At the same time, inflation remained elevated. The Personal Consumption Expenditures (PCE) price index, the Federal Reserve’s preferred inflation gauge, rose 0.3 percent in January following a 0.4 percent increase in December.

On an annual basis, PCE inflation slowed slightly to 2.8 percent, down from 2.9 percent the previous month.

However, the core PCE index, which excludes volatile food and energy prices, increased 0.4 percent in January and 3.1 percent year-on-year, marking the fastest annual rise since March 2024.

The persistent strength in underlying inflation has complicated the outlook for monetary policy, with many economists now expecting the Federal Reserve to delay interest rate cuts until later in the year.

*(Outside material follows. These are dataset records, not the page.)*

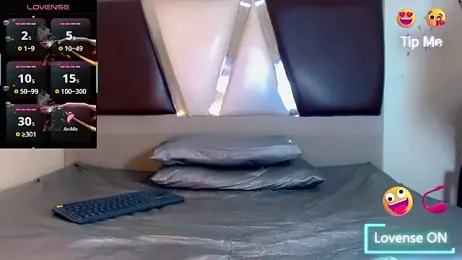 alexsandra_kiss webcam stripchat model stream image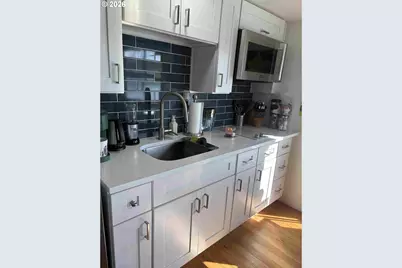 11860 N Jantzen Dr, Portland, OR 97217 - Photo 17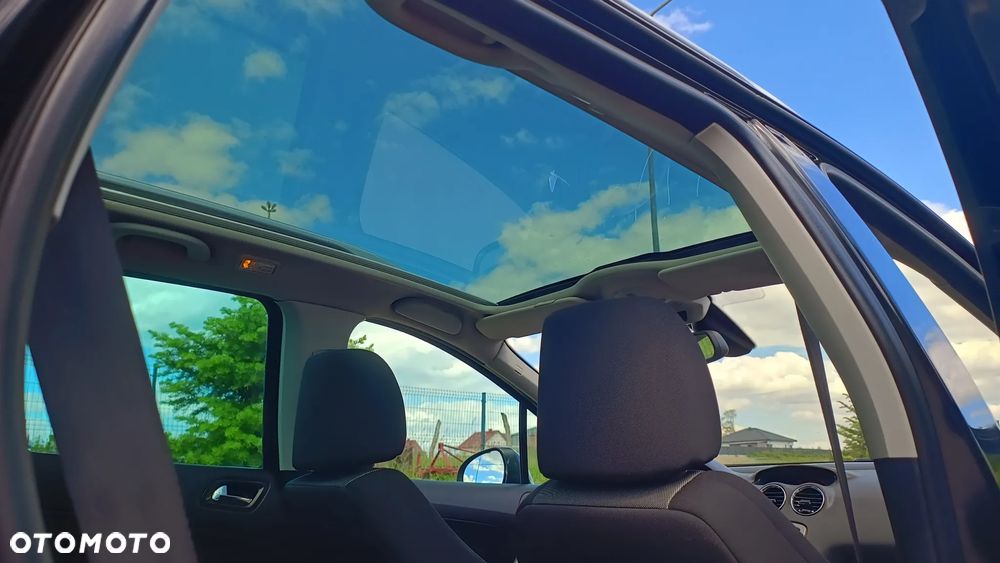 Peugeot 308 SW e-HDi FAP 110 Stop&Start Family - 28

“The data suggest inflation pressures remain stronger than policymakers would like,” analysts said, noting that the central bank is likely to remain cautious before easing borrowing costs.

The inflation data come against the backdrop of growing geopolitical tensions following the Iran–Israel conflict, which has disrupted energy markets and pushed fuel prices higher.

Retail gasoline prices in the United States have climbed more than 20 percent to about US$3.60 per gallon since the conflict escalated, according to data from the AAA, a U.S. motorists association.

Rising energy costs are expected to add pressure to inflation in the coming months while also weighing on consumer spending.

Economists warn that higher fuel prices could reduce disposable income for households and dampen economic activity if sustained.

The Commerce Department data also painted a mixed picture for the broader economy.

Orders for non-defense capital goods excluding aircraft, a closely watched measure of business investment, were unchanged in January.

Shipments of those goods — used to calculate equipment spending in gross domestic product — fell 0.1 percent, suggesting business investment could weaken in the months ahead.

Separately, revised figures showed the U.S. economy expanded at a much slower pace at the end of last year than previously estimated.

Gross domestic product grew at an annualized rate of 0.7 percent in the fourth quarter, down from an earlier estimate of 1.4 percent.

The slowdown followed much stronger growth of 4.4 percent in the third quarter, highlighting a sharp deceleration in economic momentum.

Analysts say a combination of slower consumer spending late last year, weaker business investment, and reduced government spending contributed to the slowdown.

The revised data also reflect disruptions caused by last year’s prolonged U.S. government shutdown, which delayed several economic reports and temporarily affected federal spending.

Economists are increasingly warning that the economy could face a difficult balance between slowing growth and persistent inflation — a situation often described as stagflation.

Some analysts expect these pressures to intensify in the coming months as geopolitical tensions affect energy prices and global trade.

Higher oil prices, weaker exports due to disruptions in international markets, and declining business confidence could weigh on growth in the second quarter, economists said.

Financial markets reacted cautiously to the latest data.

U.S. stocks opened mixed on Friday, while the dollar strengthened against a basket of currencies. U.S. Treasury yields edged lower as investors weighed the outlook for interest rates and economic growth.

Despite the uncertainties, consumer spending remains a key pillar supporting the world’s largest economy.

But economists say the outlook will increasingly depend on how inflation, energy prices, and geopolitical tensions evolve in the months ahead.